Слова не молвив, сел Есенгельды на своего скакуна, отпустили с ним и его людей. Прибывшие в торжественном строю, с важной осанкой и победными кликами, четыре всадника ехали теперь опустив головы, гуськом, словно с похорон дорогого сородича. Стремянный бия подстегнул свою лошадь и выехал в затылок хозяину.
— Бий-ага, а если народ услышит о сегодняшней неприятности, не бросит ли это тень на ваше лицо?
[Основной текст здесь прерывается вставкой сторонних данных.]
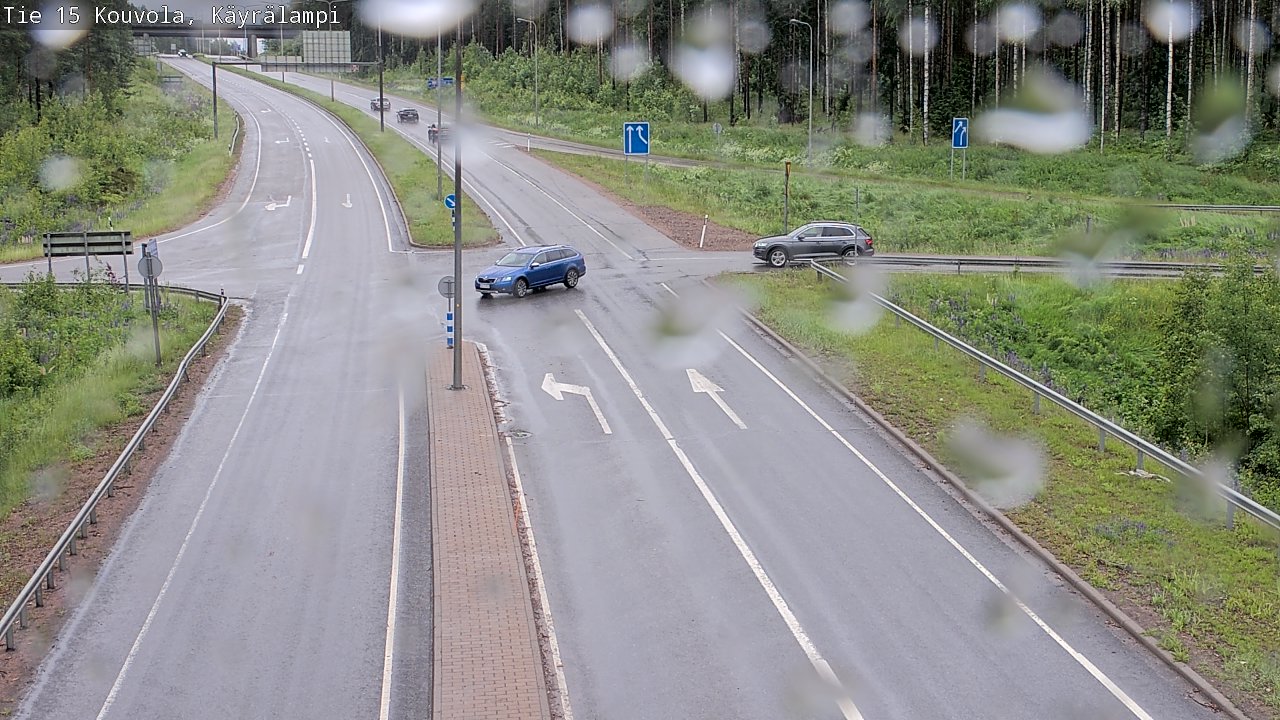 Weather Camera Image Väg 15 Kouvola, Käyrälampi, Kouvola, Kymenlaakso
— И что ты вертишься, скачешь, как шалая коза? Я, как всегда, был верен своему слову, плюнул по ветру. А Маман, видишь ли, черной костью меня обозвал! Услышал, что батюшка мой Байкошкар-бий из-за ковра погиб, и хочет этим мое лицо замарать. А мне-то что! Я, если хотите знать, вовсе и не сын этому Байкошкару: я сын знатного бия Жангельды, а он, бедный, в год великого разорения — актабан шубарынды — пал смертью праведника, вот Байкошкар-бий и взял меня на воспитание. А коли посмотреть в корень-то, у кого из нас все предки порядочные? У Султанбая тоже настоящий отец вовсе не Жандос-бий, говорят, а какой-то Ха-тыкельды. Кто тут после года великого разорения разберет? Старики от нас, детей, все скрывали, чтобы мы, их потомки, не горевали да друг друга не унижали. Мне об этом одна древняя старуха рассказывала, когда мы сюда из Туркестана кочевали… Ну, да пусть все это останется между нами. Меня теперь другое беспокоит: что с нашим несчастным народом делать? Верят люди в Маман-бия, как в самого бога. Сколько он их подводил, — все забыли. Ну, и пусть Маман народонаселение умножает, коли сможет. И вы тоже ему помогите. А я другое дело: во мне кунградская кровь течет, я им не какой-нибудь ябы. Вы еще увидите, как я сорву маску с бесстыжего Маманова лица. Будь я проклят, если его бродяжничать не заставлю! Вот скажу Мухаммед Амин-инаху… — И, прервав свою речь, приказал: — Гоните быстрее!